Assigned task:
Repeat the full listing that follows, word for word.

Available records:
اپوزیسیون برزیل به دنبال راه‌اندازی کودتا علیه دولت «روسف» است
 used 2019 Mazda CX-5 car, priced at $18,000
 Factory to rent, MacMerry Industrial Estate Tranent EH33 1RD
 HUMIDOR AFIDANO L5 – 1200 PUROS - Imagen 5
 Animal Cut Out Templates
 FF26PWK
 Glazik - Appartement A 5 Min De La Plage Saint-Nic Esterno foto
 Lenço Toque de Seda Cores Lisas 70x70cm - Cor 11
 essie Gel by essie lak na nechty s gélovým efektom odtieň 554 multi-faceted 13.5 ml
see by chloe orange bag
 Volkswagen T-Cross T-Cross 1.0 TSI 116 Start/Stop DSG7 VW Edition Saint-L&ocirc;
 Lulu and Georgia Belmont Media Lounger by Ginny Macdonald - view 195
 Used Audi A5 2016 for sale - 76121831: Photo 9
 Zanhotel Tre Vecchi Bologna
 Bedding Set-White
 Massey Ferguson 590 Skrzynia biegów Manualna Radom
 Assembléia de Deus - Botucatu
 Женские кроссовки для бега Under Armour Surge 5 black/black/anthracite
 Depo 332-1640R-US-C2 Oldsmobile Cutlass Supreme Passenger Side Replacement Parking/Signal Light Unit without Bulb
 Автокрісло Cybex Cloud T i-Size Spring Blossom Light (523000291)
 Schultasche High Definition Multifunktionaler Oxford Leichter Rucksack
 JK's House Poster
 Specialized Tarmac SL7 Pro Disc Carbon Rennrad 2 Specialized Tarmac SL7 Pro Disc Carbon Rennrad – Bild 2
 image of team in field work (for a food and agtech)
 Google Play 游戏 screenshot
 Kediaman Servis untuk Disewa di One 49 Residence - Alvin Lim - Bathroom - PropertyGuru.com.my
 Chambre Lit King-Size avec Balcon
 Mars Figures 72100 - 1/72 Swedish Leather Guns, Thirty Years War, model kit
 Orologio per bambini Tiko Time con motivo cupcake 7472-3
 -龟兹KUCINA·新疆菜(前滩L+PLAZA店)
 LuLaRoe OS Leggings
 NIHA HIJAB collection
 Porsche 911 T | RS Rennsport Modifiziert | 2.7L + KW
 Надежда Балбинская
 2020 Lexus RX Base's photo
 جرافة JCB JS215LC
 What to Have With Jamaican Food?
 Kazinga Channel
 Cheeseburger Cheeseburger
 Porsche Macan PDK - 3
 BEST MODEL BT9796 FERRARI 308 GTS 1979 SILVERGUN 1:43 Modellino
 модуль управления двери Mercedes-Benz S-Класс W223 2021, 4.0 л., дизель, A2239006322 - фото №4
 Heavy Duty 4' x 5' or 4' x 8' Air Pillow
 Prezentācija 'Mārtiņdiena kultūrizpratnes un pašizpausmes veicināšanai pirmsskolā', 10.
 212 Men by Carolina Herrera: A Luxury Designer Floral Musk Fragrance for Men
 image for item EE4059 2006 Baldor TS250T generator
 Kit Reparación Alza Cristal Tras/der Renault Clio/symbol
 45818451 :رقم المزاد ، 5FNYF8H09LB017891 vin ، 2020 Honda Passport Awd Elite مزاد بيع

Output for this exercise:
اپوزیسیون برزیل به دنبال راه‌اندازی کودتا علیه دولت «روسف» است
 used 2019 Mazda CX-5 car, priced at $18,000
 Factory to rent, MacMerry Industrial Estate Tranent EH33 1RD
 HUMIDOR AFIDANO L5 – 1200 PUROS - Imagen 5
 Animal Cut Out Templates
 FF26PWK
 Glazik - Appartement A 5 Min De La Plage Saint-Nic Esterno foto
 Lenço Toque de Seda Cores Lisas 70x70cm - Cor 11
 essie Gel by essie lak na nechty s gélovým efektom odtieň 554 multi-faceted 13.5 ml
see by chloe orange bag
 Volkswagen T-Cross T-Cross 1.0 TSI 116 Start/Stop DSG7 VW Edition Saint-L&ocirc;
 Lulu and Georgia Belmont Media Lounger by Ginny Macdonald - view 195
 Used Audi A5 2016 for sale - 76121831: Photo 9
 Zanhotel Tre Vecchi Bologna
 Bedding Set-White
 Massey Ferguson 590 Skrzynia biegów Manualna Radom
 Assembléia de Deus - Botucatu
 Женские кроссовки для бега Under Armour Surge 5 black/black/anthracite
 Depo 332-1640R-US-C2 Oldsmobile Cutlass Supreme Passenger Side Replacement Parking/Signal Light Unit without Bulb
 Автокрісло Cybex Cloud T i-Size Spring Blossom Light (523000291)
 Schultasche High Definition Multifunktionaler Oxford Leichter Rucksack
 JK's House Poster
 Specialized Tarmac SL7 Pro Disc Carbon Rennrad 2 Specialized Tarmac SL7 Pro Disc Carbon Rennrad – Bild 2
 image of team in field work (for a food and agtech)
 Google Play 游戏 screenshot
 Kediaman Servis untuk Disewa di One 49 Residence - Alvin Lim - Bathroom - PropertyGuru.com.my
 Chambre Lit King-Size avec Balcon
 Mars Figures 72100 - 1/72 Swedish Leather Guns, Thirty Years War, model kit
 Orologio per bambini Tiko Time con motivo cupcake 7472-3
 -龟兹KUCINA·新疆菜(前滩L+PLAZA店)
 LuLaRoe OS Leggings
 NIHA HIJAB collection
 Porsche 911 T | RS Rennsport Modifiziert | 2.7L + KW
 Надежда Балбинская
 2020 Lexus RX Base's photo
 جرافة JCB JS215LC
 What to Have With Jamaican Food?
 Kazinga Channel
 Cheeseburger Cheeseburger
 Porsche Macan PDK - 3
 BEST MODEL BT9796 FERRARI 308 GTS 1979 SILVERGUN 1:43 Modellino
 модуль управления двери Mercedes-Benz S-Класс W223 2021, 4.0 л., дизель, A2239006322 - фото №4
 Heavy Duty 4' x 5' or 4' x 8' Air Pillow
 Prezentācija 'Mārtiņdiena kultūrizpratnes un pašizpausmes veicināšanai pirmsskolā', 10.
 212 Men by Carolina Herrera: A Luxury Designer Floral Musk Fragrance for Men
 image for item EE4059 2006 Baldor TS250T generator
 Kit Reparación Alza Cristal Tras/der Renault Clio/symbol
 45818451 :رقم المزاد ، 5FNYF8H09LB017891 vin ، 2020 Honda Passport Awd Elite مزاد بيع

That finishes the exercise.